PORDENONE - Mercoledì un ragazzino delle scuole medie è stato investito mentre andava a scuola con la sua bicicletta. Dell’impatto non ricorda molto, era spaventato, angosciato e ha pensato di andare al sicuro, nel posto che frequenta tutti i giorni, la sua scuola, dove il personale e gli insegnanti si sono subito presi cura di lui. Appena ha raccontato il fatto, è stata contattata la famiglia.

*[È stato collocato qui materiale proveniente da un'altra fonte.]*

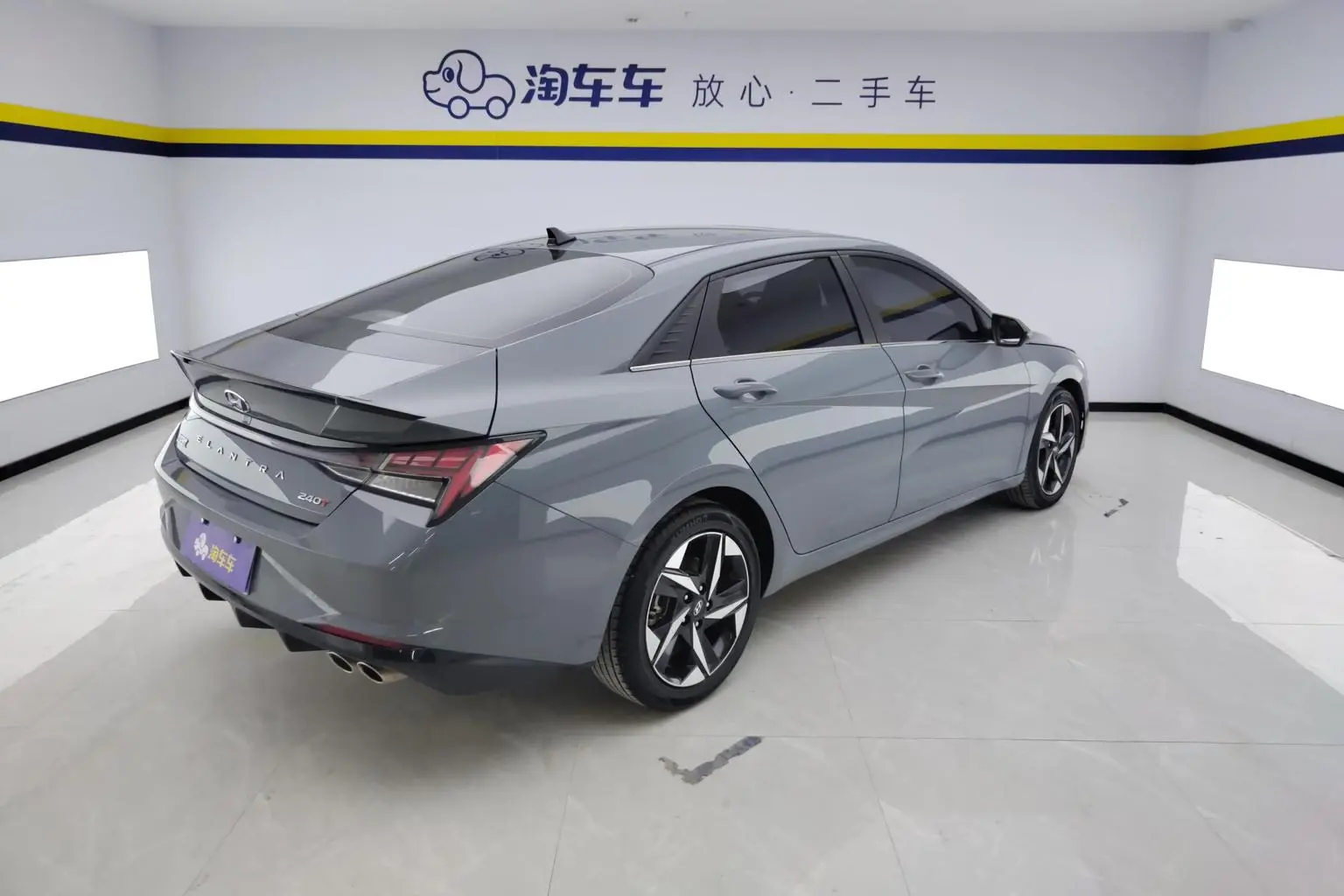 Hyundai 2021 240TGDi DCT LUX Premium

«Ero al lavoro, mi hanno chiamato dalla scuola dicendo che mio figlio aveva subito un incidente – racconta la madre – mi sono precipitata e l’ho portato immediatamente in Pronto soccorso». Il ragazzino stava percorrendo via Gemelli tra le 7.50 e le 7.55 e proprio sull’attraversamento pedonale un’auto ha urtato la ruota della sua bicicletta. L’automobile di color rosso che potrebbe essere una Fiat - secondo il racconto del ragazzino - si dirigeva verso lo stop. L’adolescente è stato diverse ore in ospedale in osservazione per i controlli, in quanto, probabilmente dal grande spavento, ha avuto un blackout, non ricorda quanto capitato con nel momento dell’impatto, per questo la caduta è stata valutata come trauma cranico. La mamma non si dà pace e ieri ha sporto denuncia affinché le responsabilità della donna che ha investito suo figlio non vengano meno. «La signora appena l’ha investito si è fermata – ha spiegato la madre del ragazzo – gli ha chiesto “Stai bene?”, lui ha risposto d’istinto: “Sì”, le ha di seguito domandato se era sicuro di questo e poi se n’è andata. Poteva perlomeno chiamarmi, chiamare un’ambulanza, le forze dell’ordine, in quanto parliamo di un minorenne che potrebbe aver risposto senza pensare, d’istinto». La madre stenta a credere che un adulto non abbia cercato di avvisare perlomeno la famiglia: non essendo un medico, non poteva sapere se la collisione avesse provocato qualcosa al dodicenne e per questo avrebbe dovuto usare tutte le precauzioni che il caso richiedeva. «In quella zona, oltre ai tanti studenti ci sono i genitori che accompagnano i figli a scuola – riferisce la madre – vorrei che se qualcuno avesse visto quanto accaduto, lo riferisse alle forze dell’ordine, perché la signora si è fermata, ma non ha prestato soccorso. Lei non ha fatto abbastanza nell’occasione, poteva fare sicuramente qualcosa di più». Tanto più che il ragazzo presenta ancora un vuoto di memoria proprio a seguito dello scontro, significa sicuramente che era molto spaventato e che ha subito un trauma, riferisce la madre col referto tra le mani. “Per me è impensabile che un adulto si possa comportare in questo modo, oggi (ieri, ndr.) sporgerò denuncia e andrò a riprendere la bicicletta che è rimasta a scuola, ha il fanale rotto e il manubrio storto». Nel frattempo, spera che qualcuno abbia visto e possa parlare.